Causes of Excessive Screaming in Lovebirds
Usually, when birds are screaming, the reason for their distress can be traced back to an underlying issue that is stressful for the bird. The following items may cause stress in birds:
- Lovebirds can suffer from illness, including nutritional problems, which can result in them vocalizing less or changing their behavior in other ways. Consult a veterinarian if you think your bird may be suffering from an illness.
- The death or death of a member of the family, the addition of a new member to the family, or changing the personality of a family member.
- Whenever there is a change of routine, all too often there is a feeling of loneliness or boredom.
- If you are moving to another home, for example, then your environment will change.
- Nothing can turn a bird into a screamer-like fear, a feeling which can transform her into a wild bird.
- Often, jealousy is related to the addition of another pet or the fact that certain members of the family receive more attention than others.
- There may be a lack of adequate sleep because of cage location, household noise (for example, TV), too much light, or other reasons.
We will be looking at several methods of how to stop your lovebirds from screaming, so it is easier to begin by talking about how not to do it.
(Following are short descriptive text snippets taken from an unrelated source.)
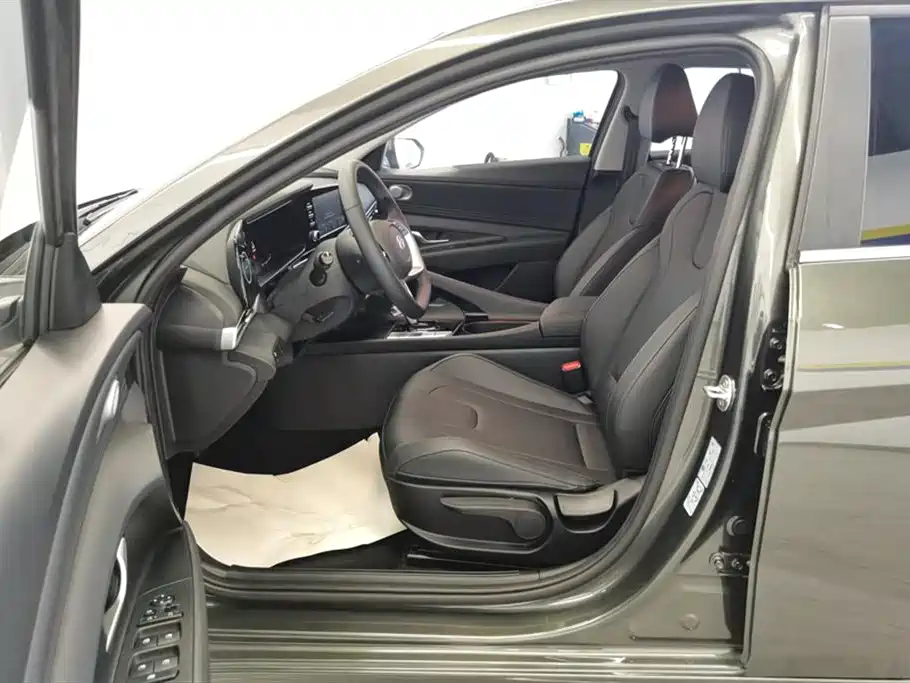 Hyundai Elantra 2023 1.5L CVT GLX Elite Edition фото 9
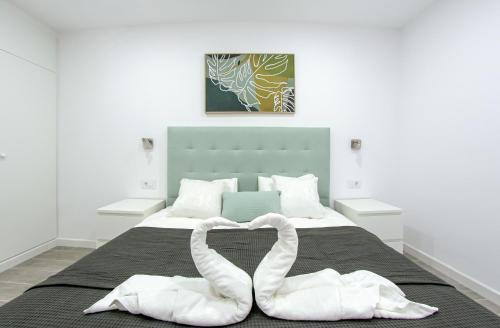 Postel nebo postele na pokoji v ubytování Amazing spacious 1 bedroom flat with Ocean view, 311, Ponderosa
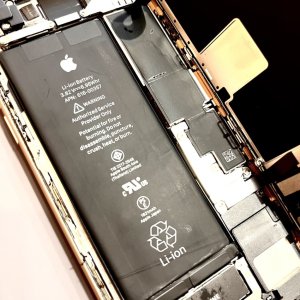 iPhone8 バッテリー交換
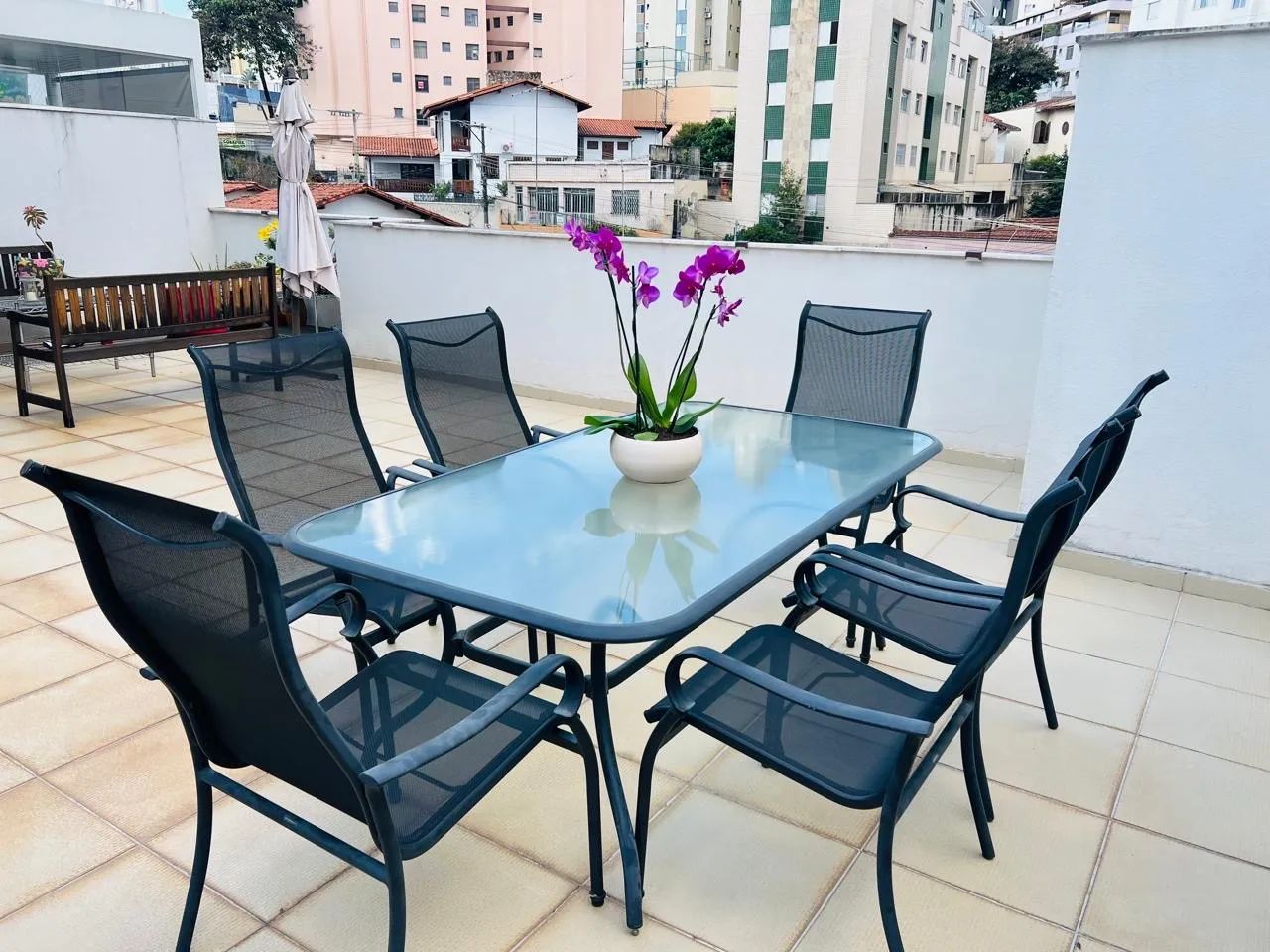 Jogo de Mesa de Área Externa com 6 Cadeiras - Reformado e Impecável! - Foto 3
You should never scold, hit, or yell back at your lovebird because doing so will only make matters worse. It would be great if we could figure out what is causing him to scream and then help him cope with it.
It is sometimes possible that the cause of anxiety is a specific one – such as those listed above. On the other hand, there are times when you may need to examine his personality to determine the reason for his screaming.
I’d like to place on your attention a few tips you can use to be able to stop your lovebird from screaming when all else fails.
If you look closely, it can be difficult to figure out why a lovebird is screaming! The best thing you can do for your pet is to try a few different things and try out new ideas until you find one or several that work well for him/her.
Lastly, if all else fails, you should not hesitate to return your pet to the breeder from whom you purchased him – the breeder will be aware of any possible genetic problems and will want what is best both for you and your bird at the same time.
Keep in mind there are numerous reasons why lovebirds scream, but with a little bit of patience, you will be able to bring an end to this annoying pattern and start enjoying the reasons why lovebirds make excellent pets.
Ali Shahid is a veterinarian by profession and an animal lover. He loves to give expert opinions about different animals. He has worked in top organization of birds like Bigbird Feed and Poultry Research institute. He loves birds, especially parrots and has great experience in different parrot farms.